→ **Exercise aim**: While leaving the pictures out, set down only the lines from the one with "ヴィンデージドレス　vintage 70年代 楽天市場】【500円OFFクーポン配布中・期間限定】70年代頃の" through the end of the records, exactly as they stand.

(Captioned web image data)
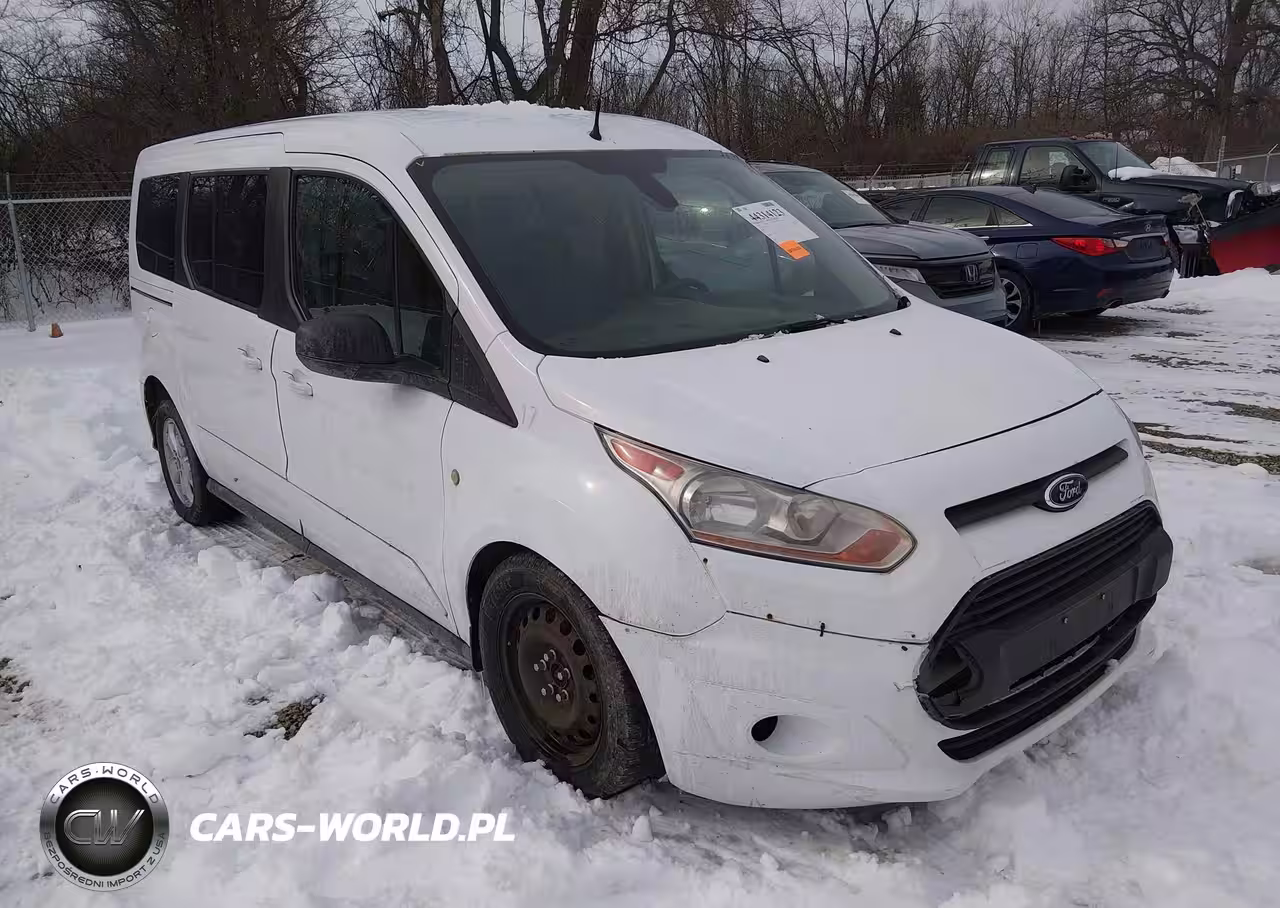 2014 Ford Transit Connect Xlt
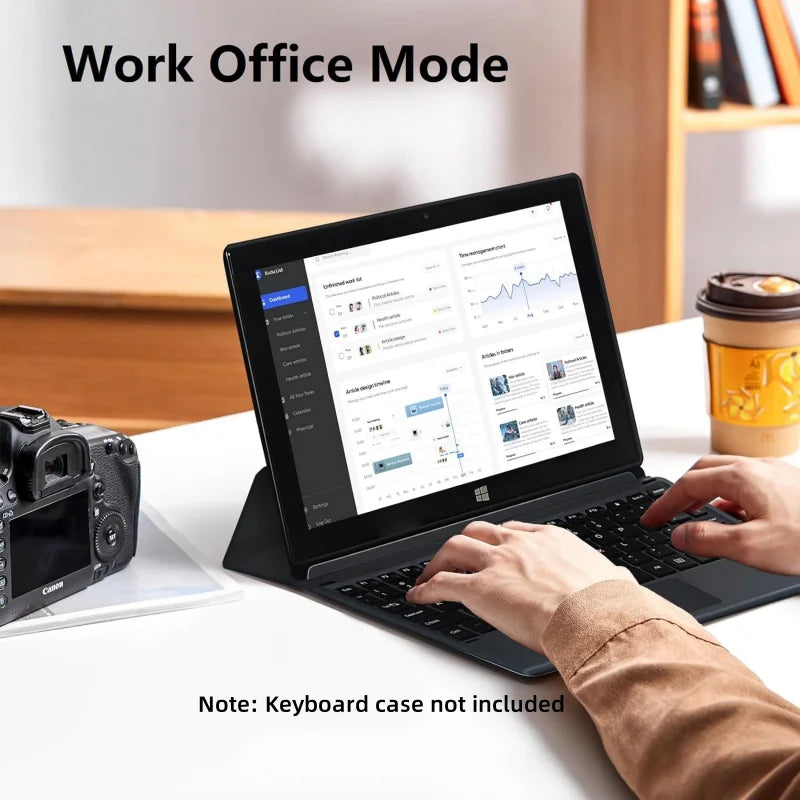 Big Sales Type-C Intel N3350 Windows 11 Tablet PC 10.1 INCH 4GB RAM 64GB ROM 64bit 4-Cores 1920 x 1200 IPS Resolution 1*USB 3.0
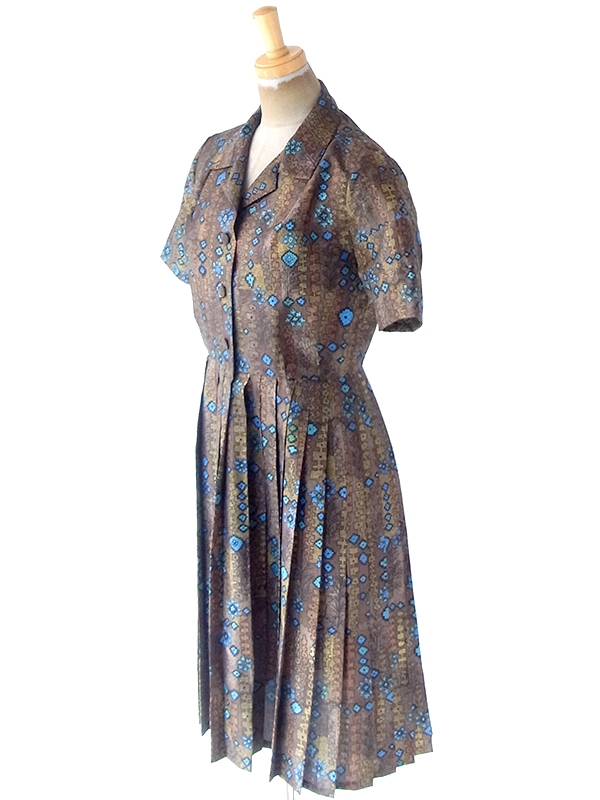 ヴィンデージドレス　vintage 70年代 楽天市場】【500円OFFクーポン配布中・期間限定】70年代頃の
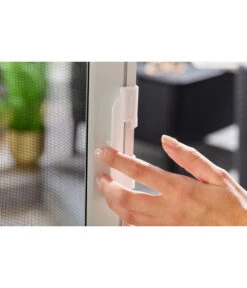 Hecht Fliegengitter Türrollo Smart, Ca. B160/H220 Cm -Gardena Store 4020111 4020129 4020137 4020145 4020152 4020160 WE DE 009 HechtTuerrolloSmart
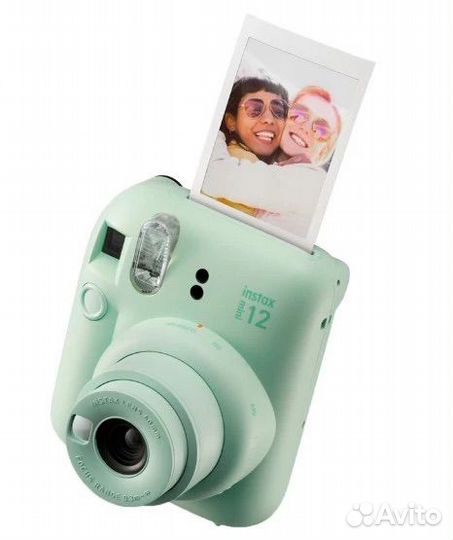 Fujifilm instax Mini 12 (зеленый )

→ **Written solution**:
 ヴィンデージドレス　vintage 70年代 楽天市場】【500円OFFクーポン配布中・期間限定】70年代頃の
 Hecht Fliegengitter Türrollo Smart, Ca. B160/H220 Cm -Gardena Store 4020111 4020129 4020137 4020145 4020152 4020160 WE DE 009 HechtTuerrolloSmart
 Fujifilm instax Mini 12 (зеленый )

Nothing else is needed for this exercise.